#### [Required action]
For this exercise, return only the lines in the records below from the one holding "Canvas Print - Group of workers people." through the one holding "COOL BETTA FISH", including both, exactly as they appear and without pictures.

#### [Listed records]
○ ○ ○ ○ ○
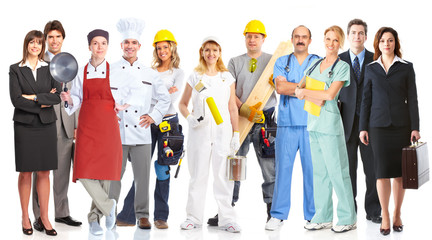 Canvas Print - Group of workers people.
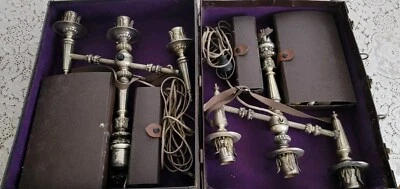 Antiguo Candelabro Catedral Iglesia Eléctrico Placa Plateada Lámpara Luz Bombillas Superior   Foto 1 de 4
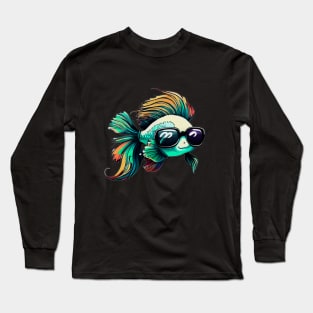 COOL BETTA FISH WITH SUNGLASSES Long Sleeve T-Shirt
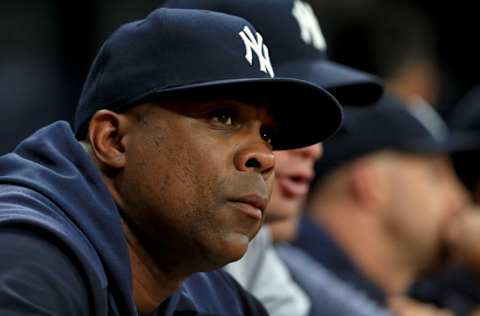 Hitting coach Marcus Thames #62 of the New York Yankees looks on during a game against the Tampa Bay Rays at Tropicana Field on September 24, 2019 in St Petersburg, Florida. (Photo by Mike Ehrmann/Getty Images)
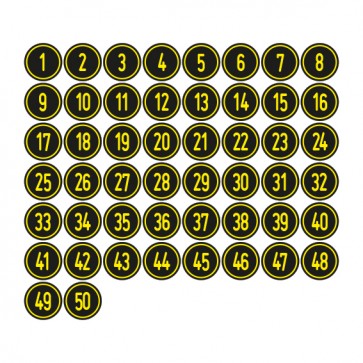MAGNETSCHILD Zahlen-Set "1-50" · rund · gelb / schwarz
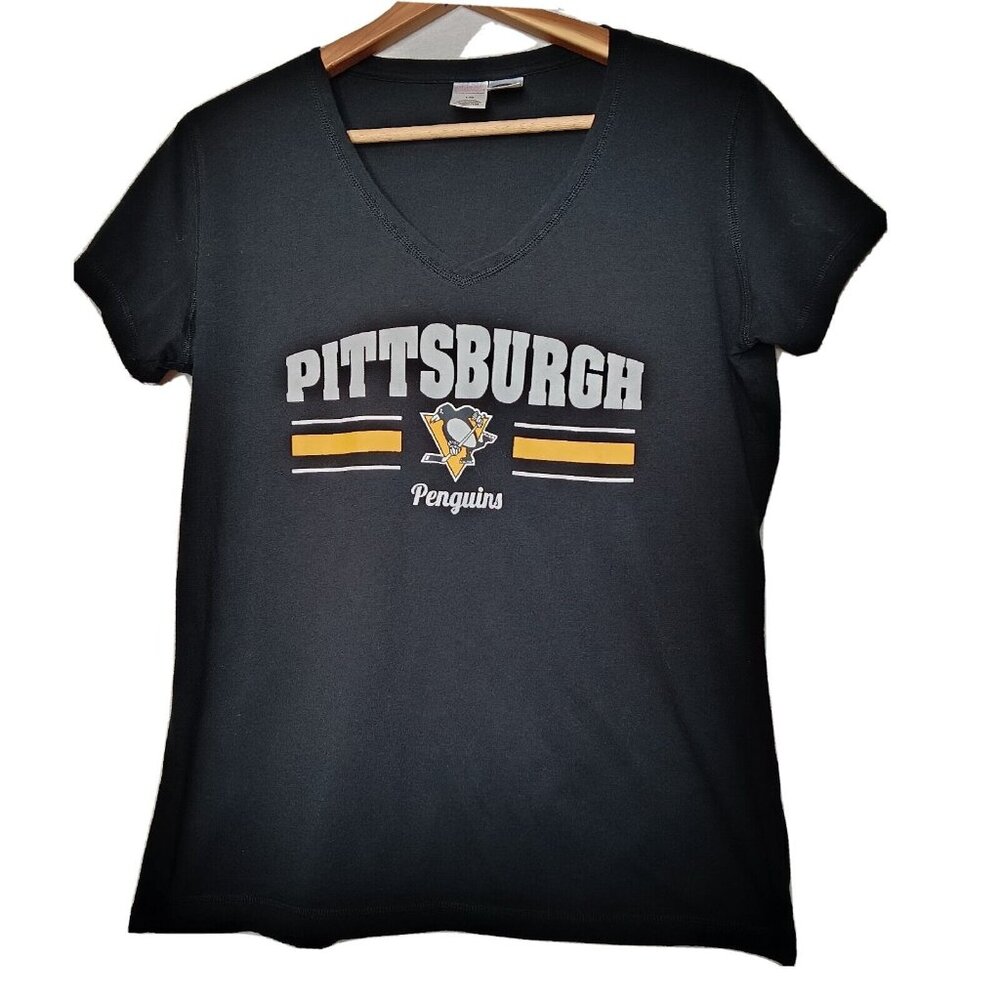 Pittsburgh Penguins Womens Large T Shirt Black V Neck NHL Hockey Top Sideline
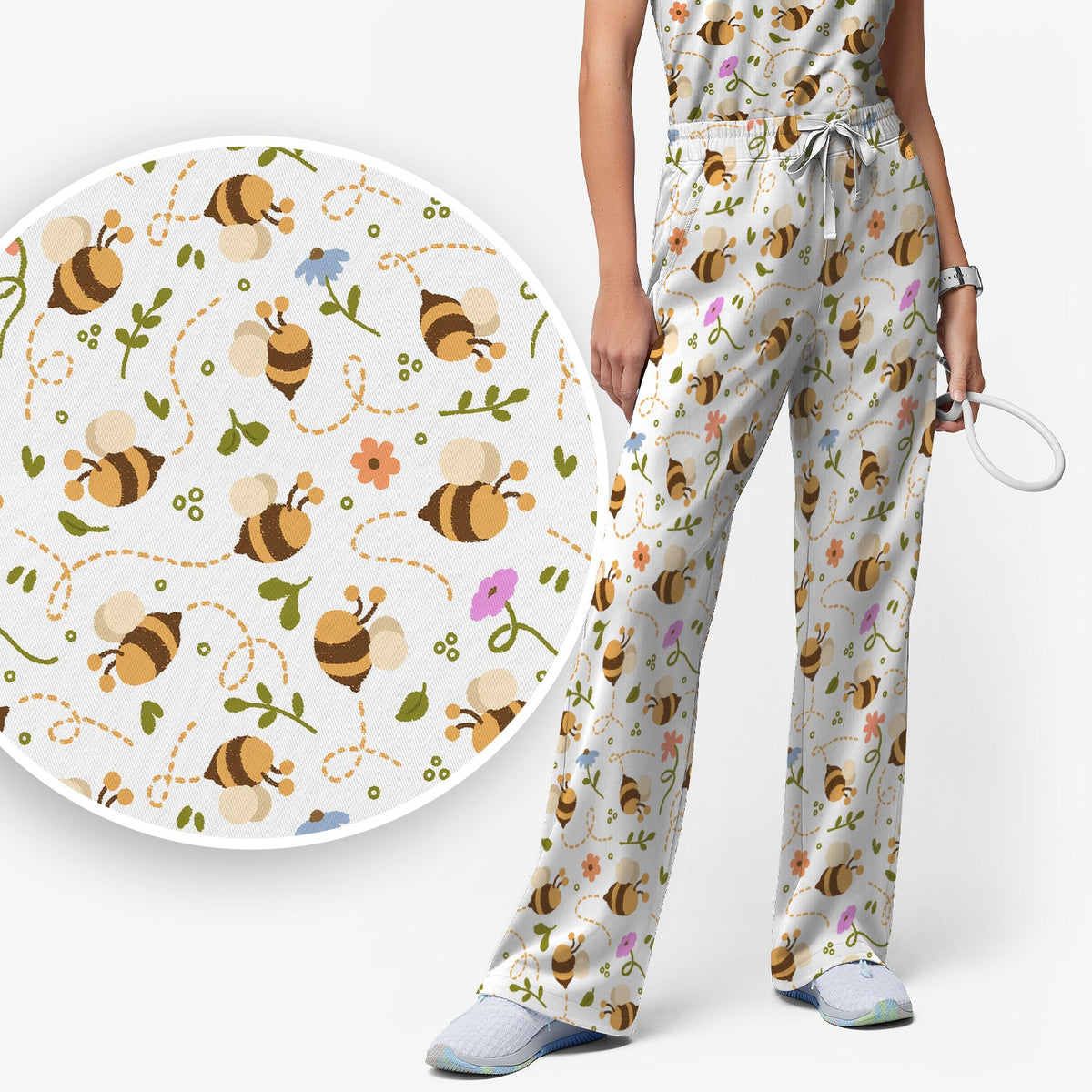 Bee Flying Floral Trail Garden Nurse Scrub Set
○ ○ ○ ○ ○
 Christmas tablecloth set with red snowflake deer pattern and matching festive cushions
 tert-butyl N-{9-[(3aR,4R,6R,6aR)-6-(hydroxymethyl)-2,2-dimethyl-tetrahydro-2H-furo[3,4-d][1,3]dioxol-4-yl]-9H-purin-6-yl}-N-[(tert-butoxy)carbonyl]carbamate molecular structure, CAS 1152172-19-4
○ ○ ○ ○ ○
#### [Response area]
 Canvas Print - Group of workers people.
 Antiguo Candelabro Catedral Iglesia Eléctrico Placa Plateada Lámpara Luz Bombillas Superior   Foto 1 de 4
 COOL BETTA FISH WITH SUNGLASSES Long Sleeve T-Shirt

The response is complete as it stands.